The new ‘ICT strategy’, to be led by government chief information officer John Suffolk, promises to focus on a “smarter, cheaper and greener” setup, cutting costs from its more than £16 billion current expenditure. The new model will deliver “a secure and resilient ICT infrastructure that will enable faster, better services for the public", he said.

To the alarm of some analysts, the target of improving project delivery is only one of fourteen targets. It was announced to much less fanfare in spite of high profile project failures.

Shared services will form a key part of the strategy, aiming to “remove unnecessary overlaps between departments and avoid costly duplication of technology”. The much-hyped government cloud, or G-Cloud, is another key element, and will aim to enable public sector bodies to select and host IT services from one network.
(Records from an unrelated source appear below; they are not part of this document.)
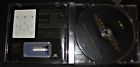 Dre-s777 S702 Sony American Acoustic Spaces Dask Cdrom Reverb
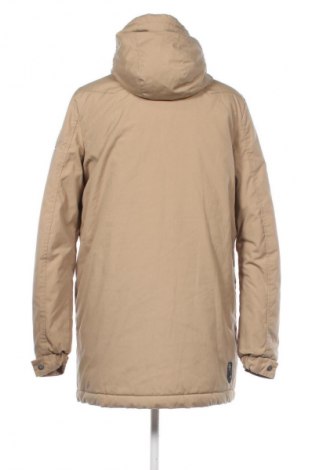 Dámská bunda  G-Star Raw, Velikost M, Barva Béžová, Cena  1 849,00 Kč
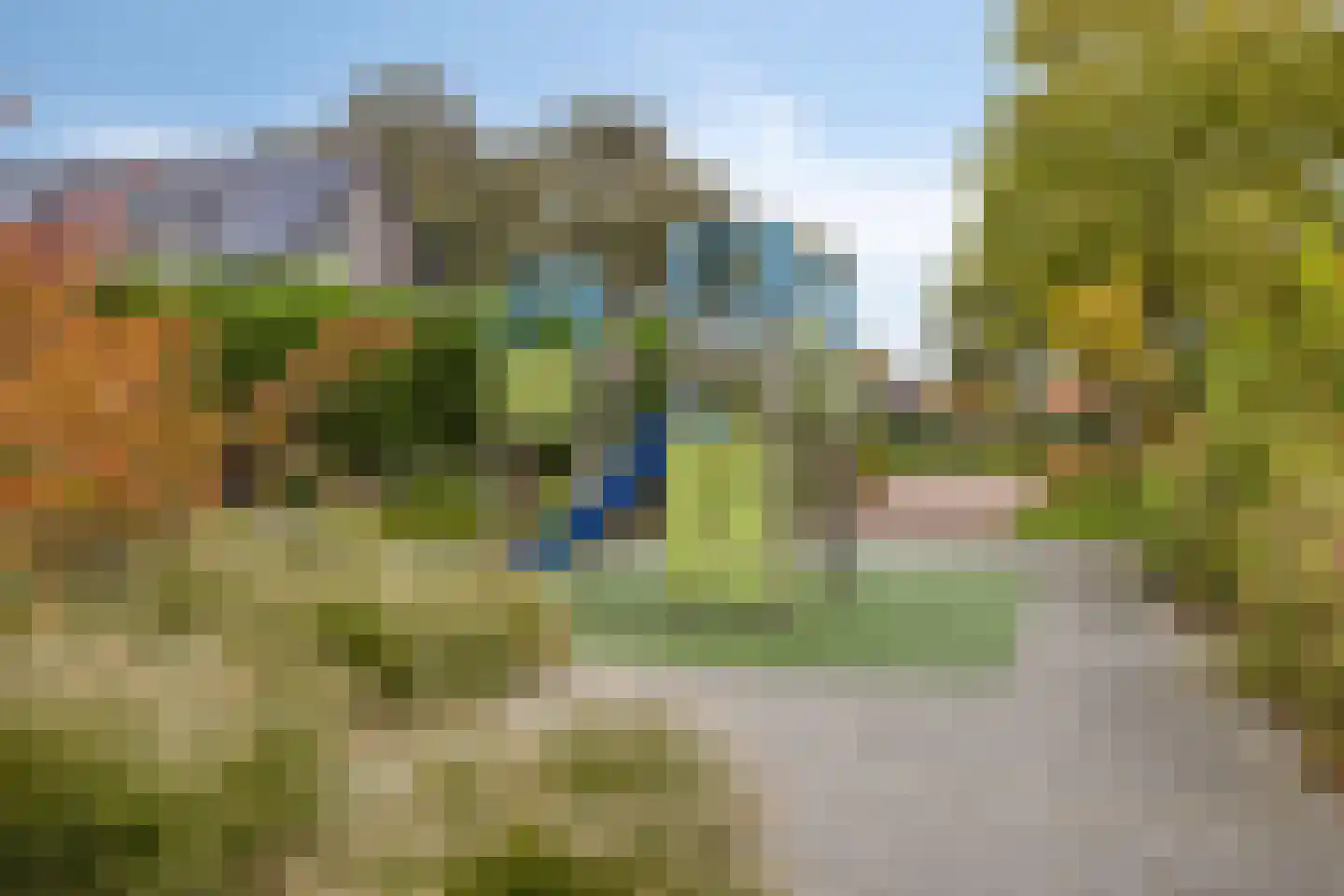 Papiermolen 16 Heerhugowaard thumbnail 34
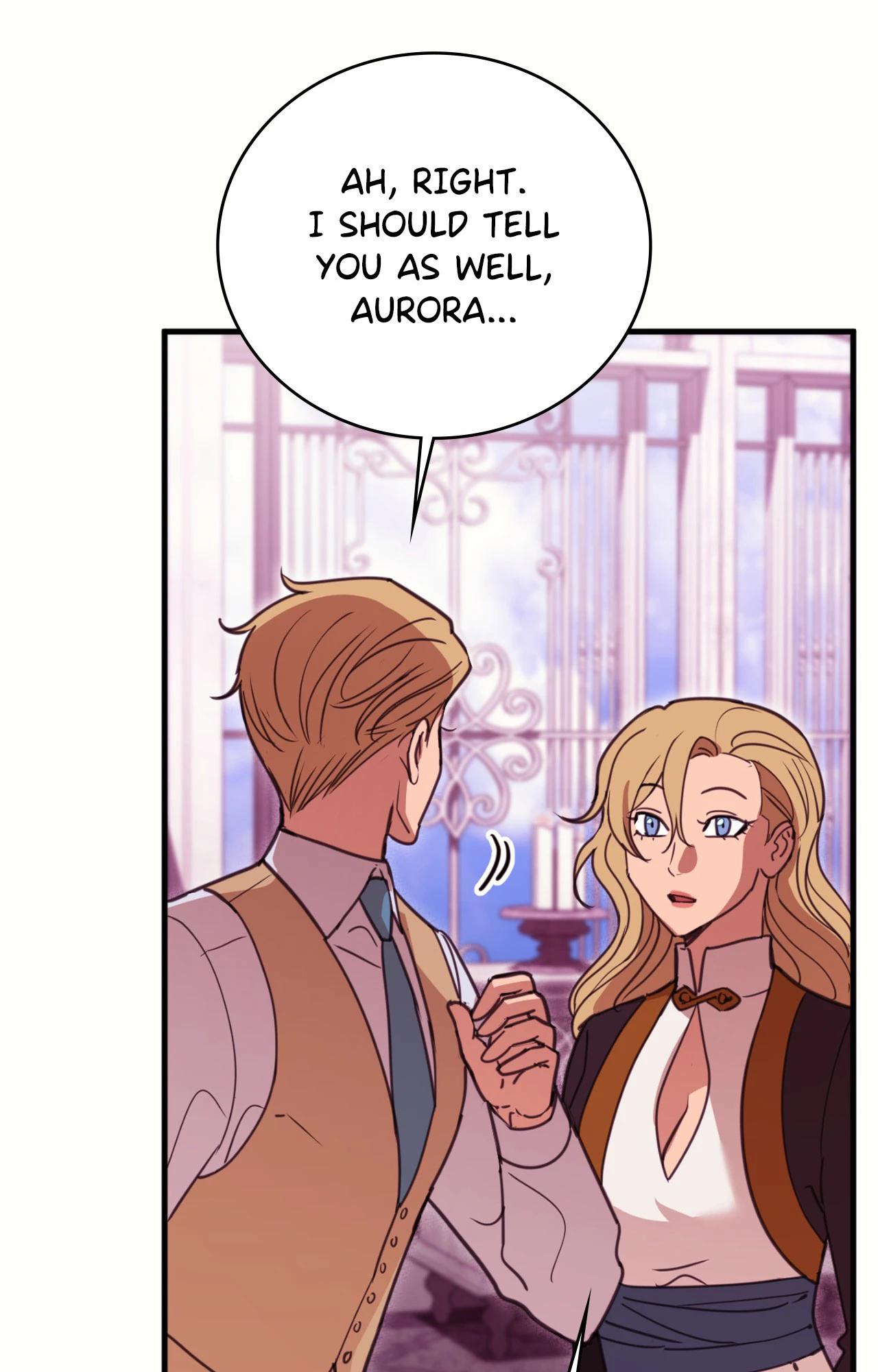 Read Caladrius chapter 30 image 27 on Lezhin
It also aims to be quick and cheap to switch suppliers.

Some £300 million would be saved through reducing of the number of public sector datacentres, the government said. It will move from “hundreds” to 10 to 12, also promising to reduce power and cooling requirements by 75 percent. A new ‘Application Store’ will target £500 million savings annually, as a marketplace for sharing and reusing basic applications.

Instead of each department specifying, building and designing its own desktop computers, they will in the future take part in a common desktop strategy. This would save a further £400 million, the government said. It is also targeting a more common software coding architecture and standards.

Other elements of the strategy include the use of open source software, better data security, professionalising IT-enabled change, supply management and international “alignment”.

But analysts were uncertain on how deliverable the savings were. Jan Duffy, research director with IDC’s Government Insights group, said the document was “fairly safe, not revolutionary”.

The savings depended on proper execution of the strategy, not on the document itself, she said. “Will it save money? I suppose it could. I’m just not persuaded that some elements will definitely provide the promised savings.”